Don't worry about being famous: This might, on the face of it, seem counter-intuitive -- who, after all, wants to read about Mr. or Mrs. Nobody from Nowheresville -- but being obscure is not itself a bar to a successful autobiography. While global megastardom will, of course, make things easier on the marketing front, some of the most popular autobiographies have actually been written by complete unknowns. In the 18th century, for instance, "The Interesting Narrative of the Life of Olaudah Equiano," the autobiography of an African slave, was a huge bestseller, even though no-one had ever heard of Olaudah Equiano. So long as you have something unusual to recount, fame need not be a prerequisite for autobiographical success (although, paradoxically, it could well be the result of it).

You don't necessarily have to be interesting: This is where fame does enter the equation, because while you can get away with being an unknown who has done something fascinating, being a boring unknown who has spent the last 40 years cataloguing your extensive collection of antique Latvian thimbles -- that's a no-no. Fame, on the other hand, particularly when allied with good looks, obviates the need to have anything remotely interesting to say about yourself since people will recognize your face on the book's front cover and, sheep-like, buy it in droves irrespective of the contents.

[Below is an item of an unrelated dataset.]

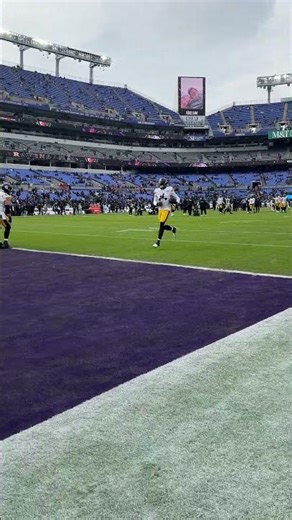 DK Metcalf warming up in Baltimore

Indeed when it comes to celebrity the more vacuous the memoir the better it seems to do, as evidenced by the current slew of autobiographies by reality TV contestants which, despite having nothing whatsoever to say other than "I was on reality TV and have got two legs and a pancreas", still sell in their millions.

Try not to be too honest: Even the most fascinating life can benefit from a bit of spicing up. The template here is actor David Niven's irresistibly witty autobiography "The Moon's A Balloon" in which, while not telling outright lies, the author certainly stretches truth to the limit for dramatic effect. Be careful, however: as U.S. writer James Frey discovered when claims in his best-selling memoir "A Million Little Pieces" were exposed as false, being too brazen with your untruths can lead to public lynching. If the odd exaggeration makes you look better, go for it. Unless you can back them up with legally admissible evidence, however, avoid really big whoppers (ie. "My 30-year love triangle with Thabo Mbeki and Madeleine Albright").

Have a dreadful childhood: It sounds callous, but the reading public love nothing more the story of someone who has had a truly horrible time growing up. As Dave Pelzer demonstrated with his seminal heart-wrencher "A Boy Called It," miserable childhoods sell. Big time. Obviously if you've had an idyllic upbringing with loving parents who bought you a pet pony and fed you so many scrumptious cakes you developed Type 2 Diabetes, there's not much you can do about it. If, however, you can manage to dredge up memories of the six years you spent locked in your underpants in a tin box while your mad mother hammered on the lid with a soup ladle screaming "You dead yet, monkey boy!" all the better.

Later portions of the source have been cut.